*** EXCERPTED DATA Section Begins ***
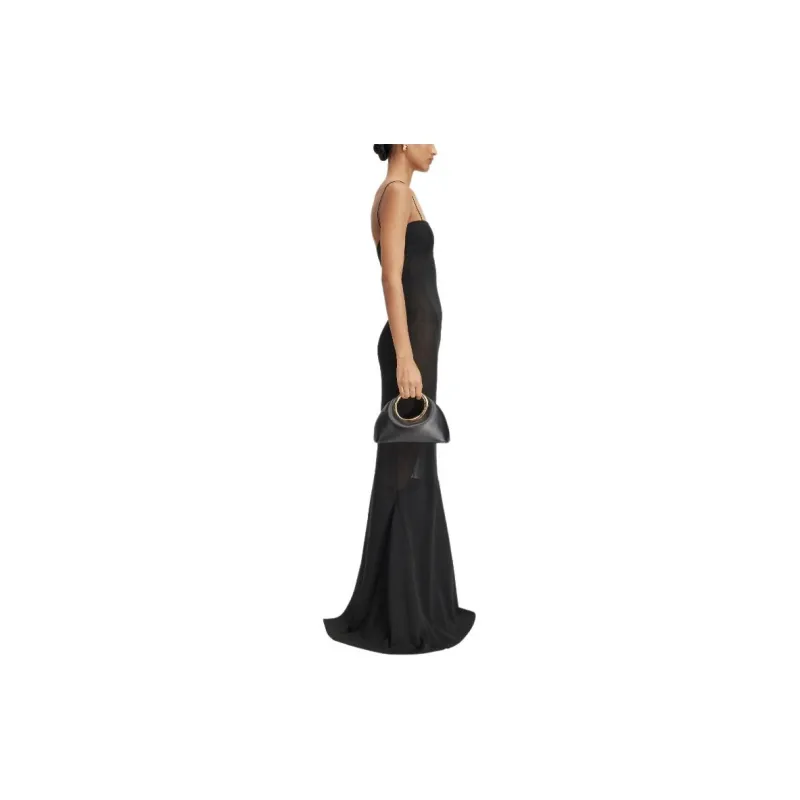 Jacquemus Fine Knit Maxi Dress Black-1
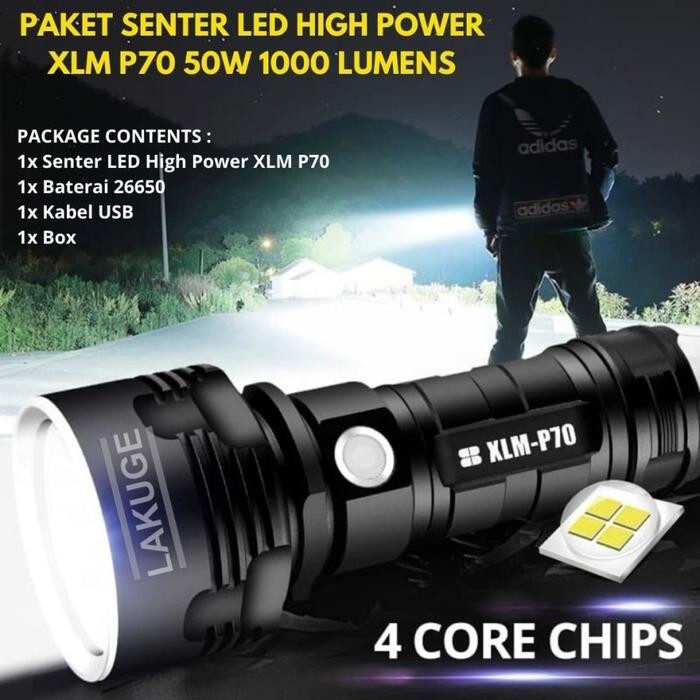 Senter Super terang Senter Led Rechargeable P70 50W 1000 Lumens + Bok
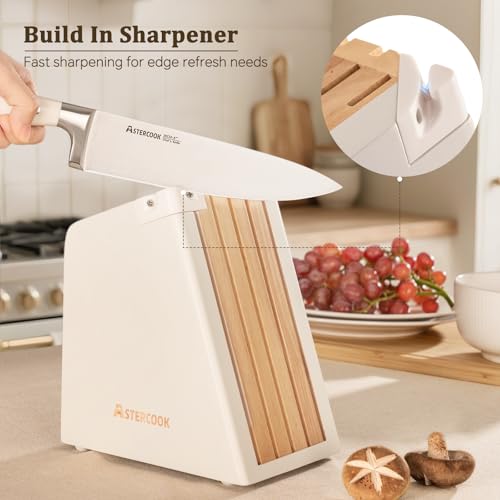 Cream White 12-Piece Kitchen Knife Set with Block & Sharpener - Full Tang Stainless Steel, Ergonomic Handles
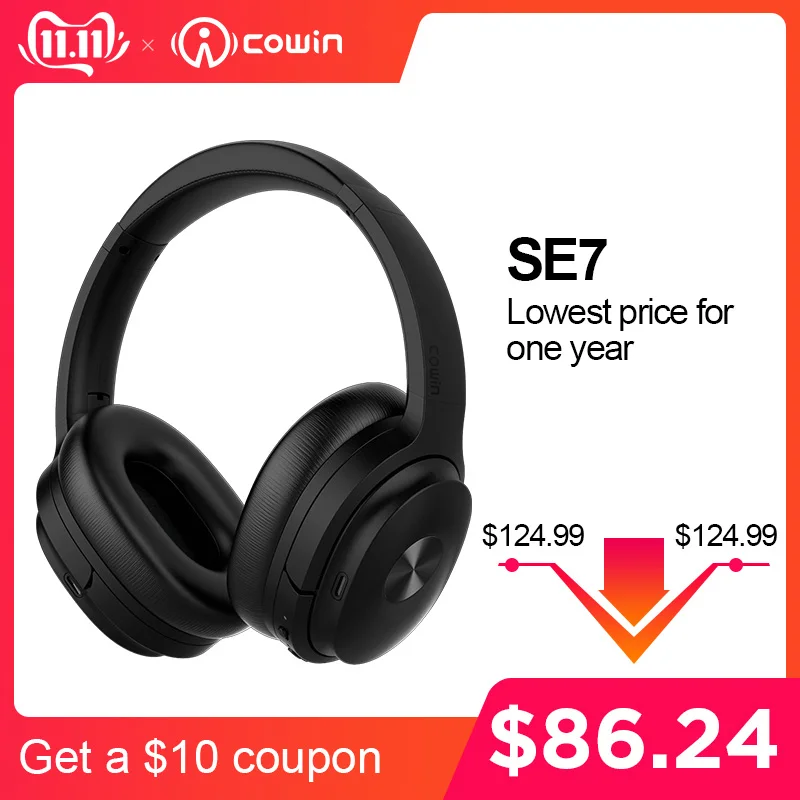 Günstige Cowin SE7 Aktive Noise Cancelling Wireless Bluetooth Kopfhörer Faltbare Über ohr Tragbare Headset für handys musik apt x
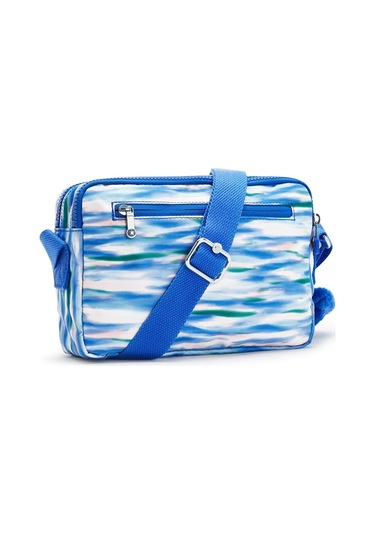 Kıplıng Abanu M Orta Boy Omuz Çantası Desenli Dıluted Blue Çok Renkli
*** EXCERPTED DATA Section Ends ***
Take the lines from the one containing "Cream White 12-Piece" through the final line of the listing above and print them exactly, including both ends but no pictures.

* [ANSWER SECTION]:
 Cream White 12-Piece Kitchen Knife Set with Block & Sharpener - Full Tang Stainless Steel, Ergonomic Handles
 Günstige Cowin SE7 Aktive Noise Cancelling Wireless Bluetooth Kopfhörer Faltbare Über ohr Tragbare Headset für handys musik apt x
 Kıplıng Abanu M Orta Boy Omuz Çantası Desenli Dıluted Blue Çok Renkli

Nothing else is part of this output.